- North American cover art
- Developer(s): Universomo
- Publisher(s): THQ
- Director(s): Sami Hangaslammi
- Producer(s): Mikko Karvonen
- Platform(s): Nintendo DS
- Release: NA: April 20, 2010; EU: June 11, 2010; AU: 2010;
- Genre(s): Rhythm
- Mode(s): Single-player, multiplayer

= Beat City =

2010 video game

Beat City is a 2010 rhythm video game developed by Universomo and published by THQ for the Nintendo DS. It was released on April 20, 2010, in North America, and in Europe on June 11, 2010. It was the first and only video game to be developed for a handheld system by Universomo, who mostly worked on mobile games and was shuttered a month before the game's release.

== Production ==
Production on the game took place in mid-to-late 2009 and early 2010. It was confirmed for a release in April 2010 on January 12, 2010.

== Plot ==
The game stars a resident of Beat City who loves music named Synchronizer.

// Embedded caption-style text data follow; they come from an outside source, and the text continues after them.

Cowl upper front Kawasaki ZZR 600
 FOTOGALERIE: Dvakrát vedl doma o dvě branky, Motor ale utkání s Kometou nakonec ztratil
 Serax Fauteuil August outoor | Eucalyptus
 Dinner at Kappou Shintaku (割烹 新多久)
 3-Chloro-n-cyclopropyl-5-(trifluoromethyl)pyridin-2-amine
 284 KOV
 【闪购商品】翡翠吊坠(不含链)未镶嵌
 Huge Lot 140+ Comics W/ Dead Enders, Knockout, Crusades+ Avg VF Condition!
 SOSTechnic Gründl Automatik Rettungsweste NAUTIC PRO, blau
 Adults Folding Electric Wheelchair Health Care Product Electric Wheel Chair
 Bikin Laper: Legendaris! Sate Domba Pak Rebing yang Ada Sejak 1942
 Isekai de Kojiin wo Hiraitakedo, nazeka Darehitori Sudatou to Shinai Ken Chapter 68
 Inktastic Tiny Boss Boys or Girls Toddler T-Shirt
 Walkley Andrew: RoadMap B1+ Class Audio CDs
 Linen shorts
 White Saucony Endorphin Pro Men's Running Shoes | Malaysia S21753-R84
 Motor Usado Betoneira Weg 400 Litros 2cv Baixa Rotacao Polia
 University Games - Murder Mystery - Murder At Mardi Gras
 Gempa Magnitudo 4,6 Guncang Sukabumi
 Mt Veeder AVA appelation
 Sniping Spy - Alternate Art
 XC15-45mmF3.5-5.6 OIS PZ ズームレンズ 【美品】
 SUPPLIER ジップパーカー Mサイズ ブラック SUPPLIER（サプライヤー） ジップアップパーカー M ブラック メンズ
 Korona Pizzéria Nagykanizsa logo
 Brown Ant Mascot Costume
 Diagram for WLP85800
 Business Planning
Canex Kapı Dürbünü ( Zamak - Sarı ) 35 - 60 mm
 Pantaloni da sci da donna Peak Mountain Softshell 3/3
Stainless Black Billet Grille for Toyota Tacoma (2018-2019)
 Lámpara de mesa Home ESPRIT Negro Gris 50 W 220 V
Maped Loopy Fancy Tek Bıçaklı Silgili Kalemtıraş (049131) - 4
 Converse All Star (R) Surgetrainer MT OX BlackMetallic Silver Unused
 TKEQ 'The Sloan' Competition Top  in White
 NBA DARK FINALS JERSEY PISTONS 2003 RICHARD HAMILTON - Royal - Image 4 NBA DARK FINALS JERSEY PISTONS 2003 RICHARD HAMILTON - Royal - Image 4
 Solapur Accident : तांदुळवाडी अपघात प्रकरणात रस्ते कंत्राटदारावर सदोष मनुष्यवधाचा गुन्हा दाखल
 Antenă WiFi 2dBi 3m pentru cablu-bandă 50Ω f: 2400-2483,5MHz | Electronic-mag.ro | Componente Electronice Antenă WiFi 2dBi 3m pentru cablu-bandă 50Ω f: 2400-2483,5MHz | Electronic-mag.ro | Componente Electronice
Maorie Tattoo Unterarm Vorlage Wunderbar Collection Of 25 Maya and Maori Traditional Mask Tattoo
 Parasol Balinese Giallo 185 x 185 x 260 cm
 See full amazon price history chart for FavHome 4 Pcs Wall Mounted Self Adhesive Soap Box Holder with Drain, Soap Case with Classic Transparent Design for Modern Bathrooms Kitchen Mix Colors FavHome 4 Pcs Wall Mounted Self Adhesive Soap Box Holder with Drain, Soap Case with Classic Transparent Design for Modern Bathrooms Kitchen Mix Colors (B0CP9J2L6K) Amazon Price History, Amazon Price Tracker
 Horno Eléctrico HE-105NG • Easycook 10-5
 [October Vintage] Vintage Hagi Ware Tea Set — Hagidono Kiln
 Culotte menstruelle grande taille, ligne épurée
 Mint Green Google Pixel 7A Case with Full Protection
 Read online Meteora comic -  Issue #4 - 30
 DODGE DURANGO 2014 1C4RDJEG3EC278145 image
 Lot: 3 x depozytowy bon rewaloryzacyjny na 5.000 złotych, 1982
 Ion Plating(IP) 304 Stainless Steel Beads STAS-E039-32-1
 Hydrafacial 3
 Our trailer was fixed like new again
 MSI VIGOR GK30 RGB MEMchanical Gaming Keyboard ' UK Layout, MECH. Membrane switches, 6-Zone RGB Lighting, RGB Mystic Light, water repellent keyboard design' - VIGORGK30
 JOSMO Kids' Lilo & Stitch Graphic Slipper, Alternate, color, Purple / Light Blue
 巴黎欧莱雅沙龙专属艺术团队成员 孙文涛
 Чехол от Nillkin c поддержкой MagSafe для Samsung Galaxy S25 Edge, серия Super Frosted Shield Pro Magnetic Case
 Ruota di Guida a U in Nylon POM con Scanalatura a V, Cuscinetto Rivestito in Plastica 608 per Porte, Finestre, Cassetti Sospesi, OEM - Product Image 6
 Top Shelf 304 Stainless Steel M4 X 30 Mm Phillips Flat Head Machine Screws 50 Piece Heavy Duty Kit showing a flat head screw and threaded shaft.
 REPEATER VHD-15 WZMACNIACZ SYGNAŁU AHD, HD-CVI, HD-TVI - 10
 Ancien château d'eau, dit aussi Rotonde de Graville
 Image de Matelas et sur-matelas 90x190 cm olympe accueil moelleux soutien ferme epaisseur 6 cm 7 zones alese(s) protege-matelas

He meets a purple alien whale named Groovy Whale who gives him the ability to control music and implants a giant speaker in his head. His hometown is being taken over by an evil music-hating organization called the Cacophony, led by failed opera singer Dame Isolde Minor. With the help of Groovy Whale and his love interest, a girl he meets later named Beatrice, he must bring life, color, and happiness back to the city and start a "rhythm revolution," while also helping Groovy Whale get back to his home planet.

== Gameplay ==
The game is played with the DS turned sideways, similarly to Rhythm Heaven on the same platform, with the action taking place on one screen, while the player must use the stylus on the other. The player proceeds through several different stages, each with its own set of rules. In most of the games the player plays as Synchronizer, but there are a few that feature other characters. There are three controls: tap, swipe (also known as flicking), and hold. Each stage begins with a tutorial where the stage is black and the player must figure out what to do. As you play through a stage, it will get increasingly more colorful and upbeat the better you do. Depending on the player's progress, you can build a set of stairs at the end of every day to help get Groovy Whale get closer to his home planet. Each stage measures your quality based on a percentage, and if you get an 80% or higher you can unlock a character in the "Beat Album," a short profile of the characters featured in the game.

== Reception ==
The game received mixed to positive reviews from critics and players. Some people called it "bland" and "pointless," and others criticized it for being short or for being "a ripoff of" Rhythm Heaven, whereas others praised it for having a unique plot and characters. One critic said that "(its) delightful presentation and super catchy chiptune soundtrack will get your toes tapping and your head banging in no time." One source said that "if you love Rhythm Heaven, you'll love Beat City. Simple as that." NintendoWorldReport gave it an average rating of 7.5/10.